Instant analysis: 5 field goals lift Redskins past Jets

LANDOVER, MD — Here is my instant analysis of the Redskins’ 15-13 preseason win over the New York Jets.

— Alex Smith started the game and so did most of the other players who are expected to start Week 1. Rob Kelley was at running back, Josh Doctson and Paul Richardson lined up at receiver, and the offensive line was intact — with the exception of Geron Christian playing left tackle. Vernon Davis was the tight end. 

— Smith moved the team efficiently on the first drive, completing four of six passes for 48 yards. He converted one third-and-9 by finding Doctson in a big soft spot in the Jets’ zone for 11 yards. On third-and-goal at the 4, he threw a pass a little behind Trey Quinn; it was catchable but not easy and Quinn couldn’t handle it. A field goal made it 3-0. After that 11-play, 71-yard drive, Smith and most of the rest of the offensive starters left the game. 

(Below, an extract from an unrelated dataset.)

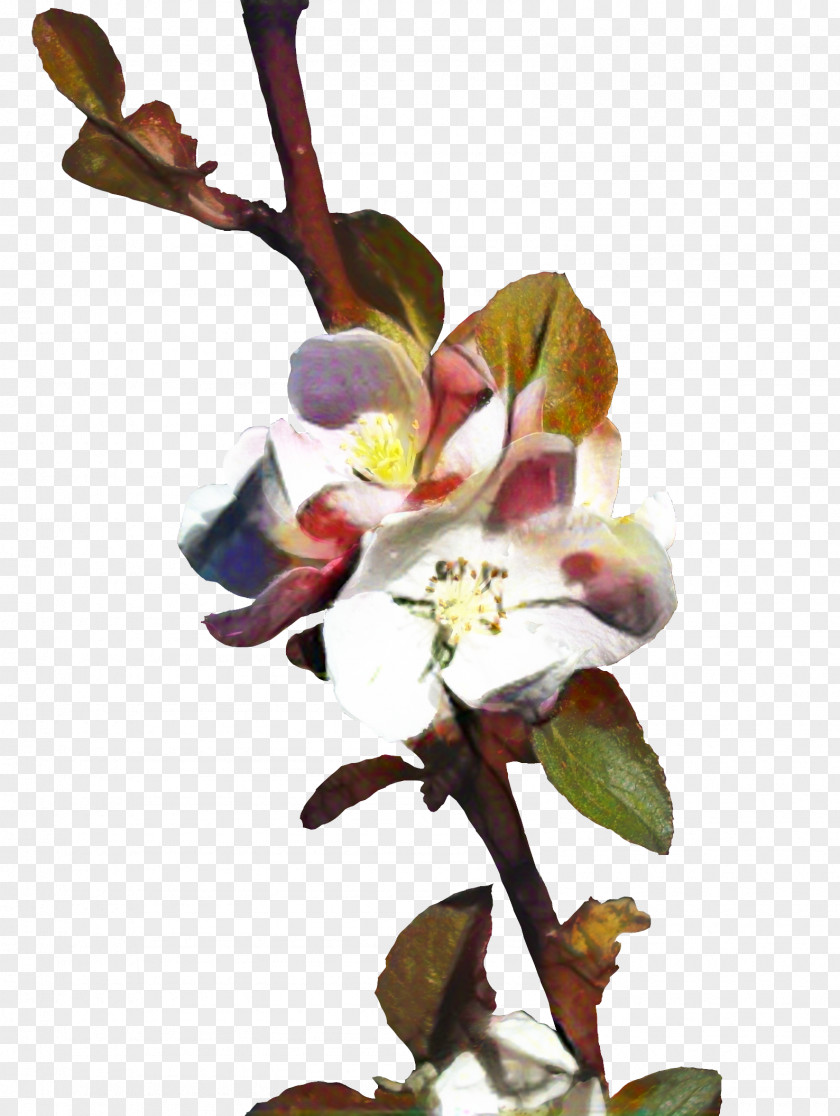 Orchid Moth Blossom Background PNG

— Ten of the 11 regular defenders started the game, the exception being Matt Ioannidis. In his first series in a Redskins uniform, Daron Payne stopped the drive with a sack on third down. After that three-and-out, they weren’t as effective against Sam Darnold on their second possession. The rookie was sharp leading a 12-play, 42-yard field goal drive. 

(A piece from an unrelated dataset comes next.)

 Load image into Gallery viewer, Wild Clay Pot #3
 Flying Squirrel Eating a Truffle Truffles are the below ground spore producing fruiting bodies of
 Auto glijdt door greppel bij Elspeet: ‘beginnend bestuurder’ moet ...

— The first time Samaje Perine touched the ball, he ran for 30 yards off left tackle, following a nice block from J.P. Holtz, a tight end who was lined up at fullback. Since they released the only fullback on the roster last week, TE as FB is likely to be the plan. Perine then left the game with an ankle injury. He did not return. 

— There were some special teams gaffes in the first half. Dustin Hopkins hit the right upright on a 35-yard field goal try but it went through. On the ensuing kickoff, though, the kick went out of bounds. Later on, Byron Marshall put the ball on the ground on a kickoff return but replay showed it that he was down. So there was one costly miscue and two near-misses. 

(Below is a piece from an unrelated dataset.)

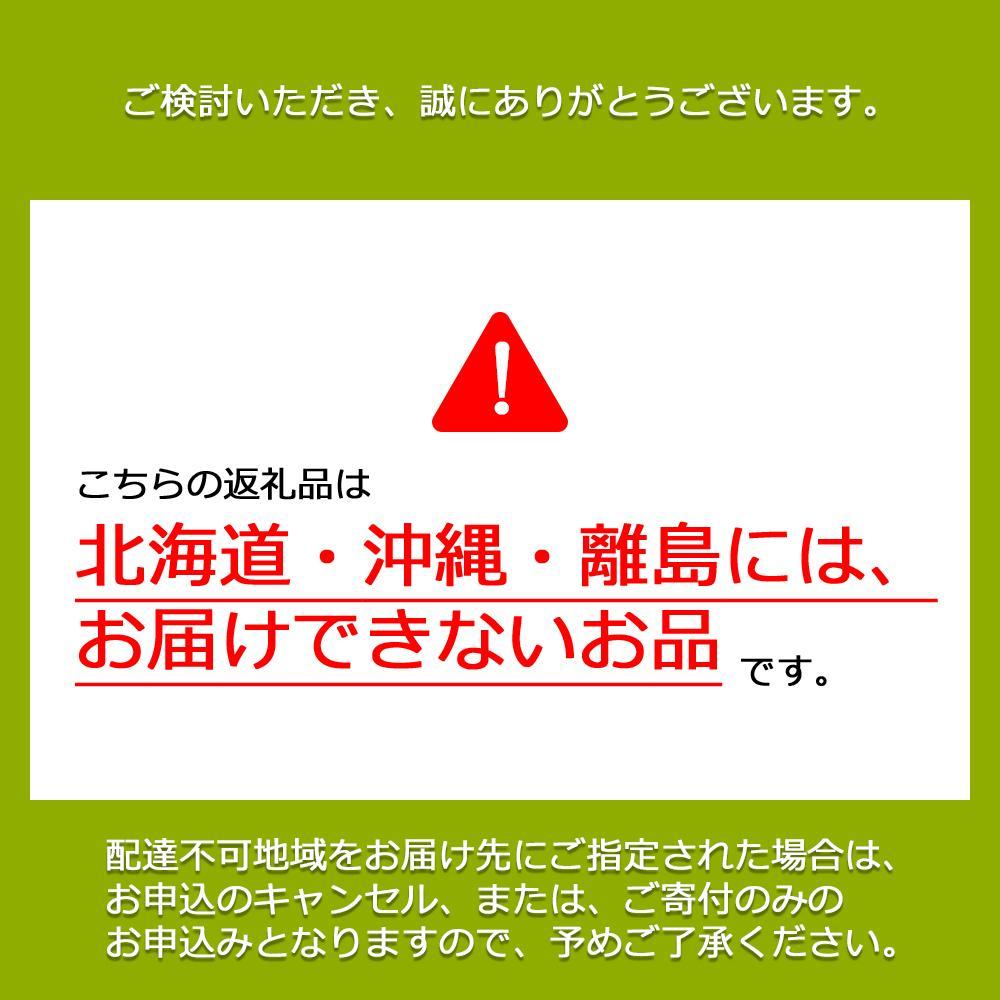 【先行予約　2025年9月上旬発送〜】岡山県産シャインマスカット 2.0kg（3〜4房）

— The Redskins backup defensive unit was back on its heels in a second-quarter drive with most of the Jets’ offensive starters in. They ended the drive when Danny Johnson make a good tackle to force a third and one. The Jets went for it and Darnold’s pass was tipped by Deshazor Everett and intercepted by Troy Apke. Tim Settle dominated in the middle, usually matched up against former Redskins center Spencer Long. 

— It was bad news, then good news for rookie WR Cam Sims in the second quarter. First he had a pass in his hands for a first down in the red zone but the ball popped out without him being touched and the pass was picked off. On the Redskins’ next possession he made a nice catch between two defenders for a 27-yard gain on third-and-10. Later in the drive he made a leaping catch in the end zone, but a penalty negated the TD. He has been inconsistent in practice in Richmond and is carrying over. 

— The Redskins had some red zone woes in the first half. The had three shots from there and settled for field goals every time. They also had the situation where Sims had the pass in his hands in the red zone before it popped out for an interception. 

— Long shot Martez Carter got his name on the board with a runs of nine and then 30 yards, showing blazing speed around the corner on both runs. He remains a long shot but speed like that will get you some attention. 

— Third QB Kevin Hogan was able to lead a scoring drive on his first possession but it was done mostly via Carter’s runs and the first application of the new helmet rule in a Redskins’ game this preseason, a flag that went against the Jets. The next two possessions he went two for three for seven yards and the Redskins went three and out both times. 

— The Jets kicked a late field goal to take a 13-12 lead. Hogan had a chance to bring them back and got them into Jets territory. Then Cam Sims made a 20-yard grab to set up a 40-yard field goal attempt. Hopkins hit it as time ran out to give the home team a 15-13 lead. 

— The win doesn’t mean anything but it’s always more fun to win than to lose.